● Exercise
Would you reproduce exactly, and only, the lines starting at the one with "Le prénom de" and ending at the last line of the data, with both included? Leave the pictures out.

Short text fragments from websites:
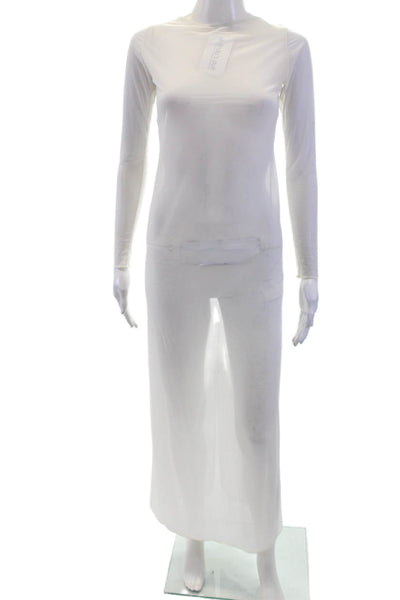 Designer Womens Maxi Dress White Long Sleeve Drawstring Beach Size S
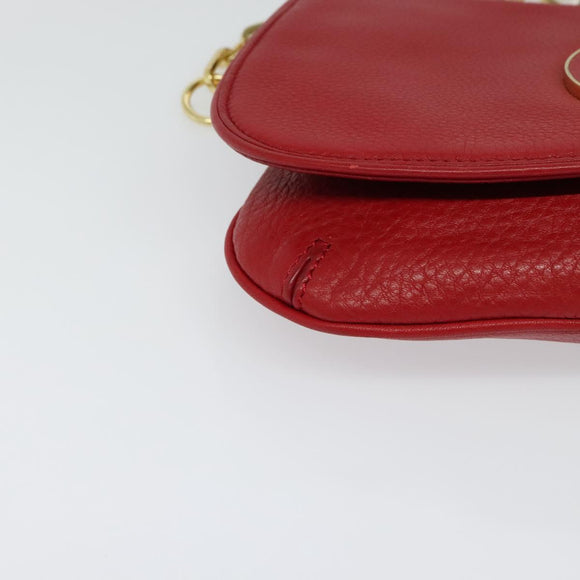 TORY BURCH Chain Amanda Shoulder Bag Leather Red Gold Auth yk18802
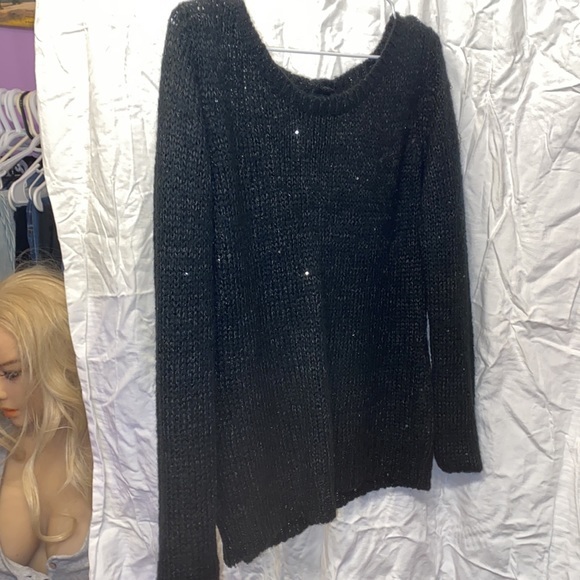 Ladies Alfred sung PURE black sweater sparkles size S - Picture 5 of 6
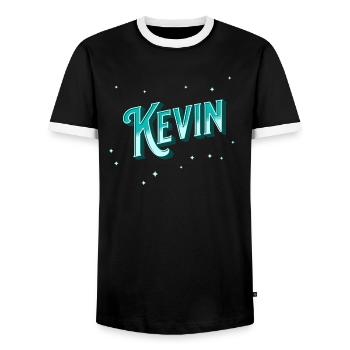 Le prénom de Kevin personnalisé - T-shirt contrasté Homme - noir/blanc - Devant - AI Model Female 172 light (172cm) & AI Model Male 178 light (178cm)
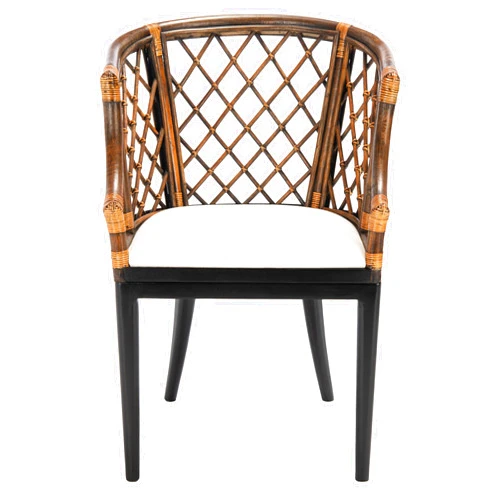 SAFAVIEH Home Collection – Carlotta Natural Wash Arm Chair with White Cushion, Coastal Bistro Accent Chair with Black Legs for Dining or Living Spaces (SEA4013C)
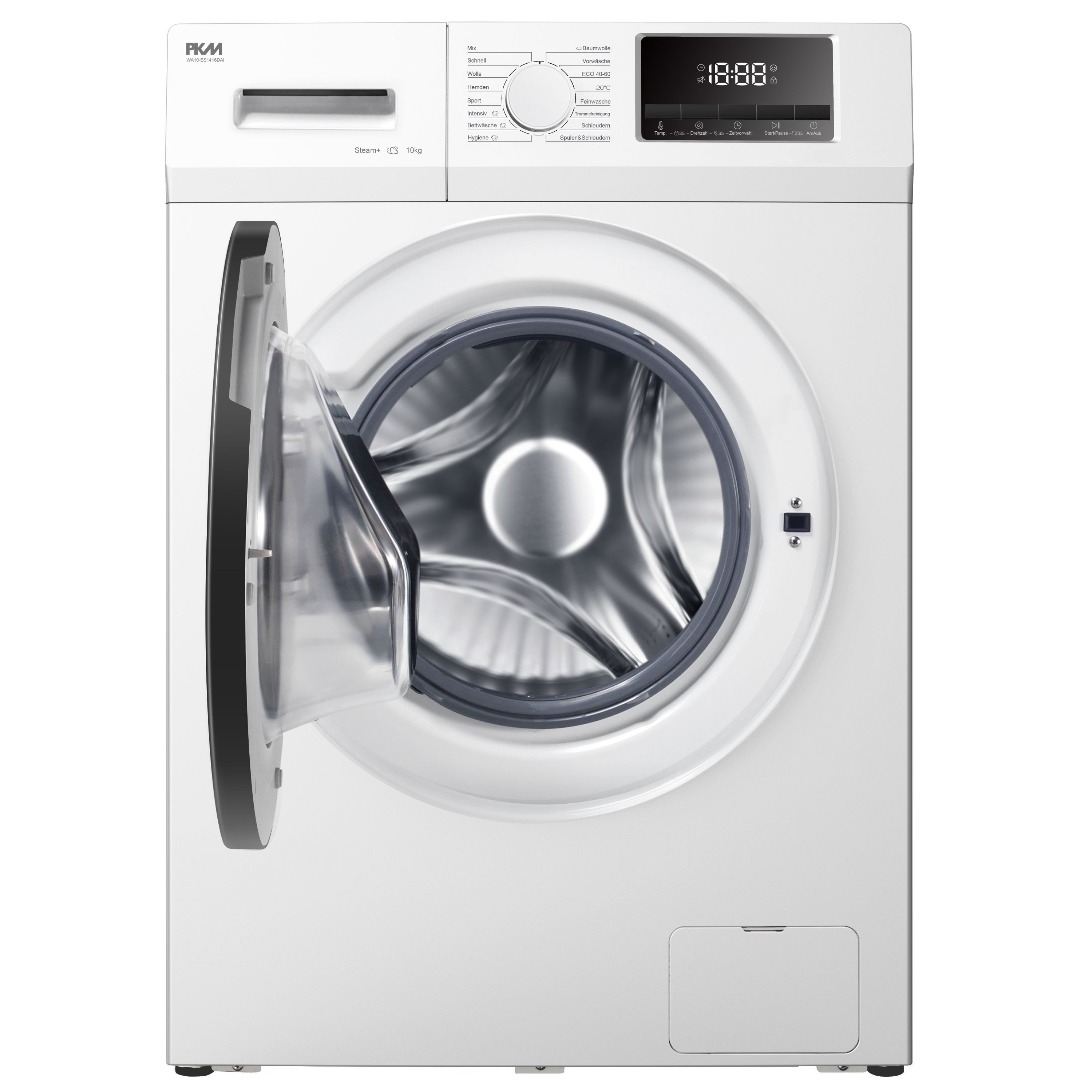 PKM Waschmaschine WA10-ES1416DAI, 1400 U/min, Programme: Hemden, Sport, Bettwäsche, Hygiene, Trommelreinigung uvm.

● Answer below
 Le prénom de Kevin personnalisé - T-shirt contrasté Homme - noir/blanc - Devant - AI Model Female 172 light (172cm) & AI Model Male 178 light (178cm)
 SAFAVIEH Home Collection – Carlotta Natural Wash Arm Chair with White Cushion, Coastal Bistro Accent Chair with Black Legs for Dining or Living Spaces (SEA4013C)
 PKM Waschmaschine WA10-ES1416DAI, 1400 U/min, Programme: Hemden, Sport, Bettwäsche, Hygiene, Trommelreinigung uvm.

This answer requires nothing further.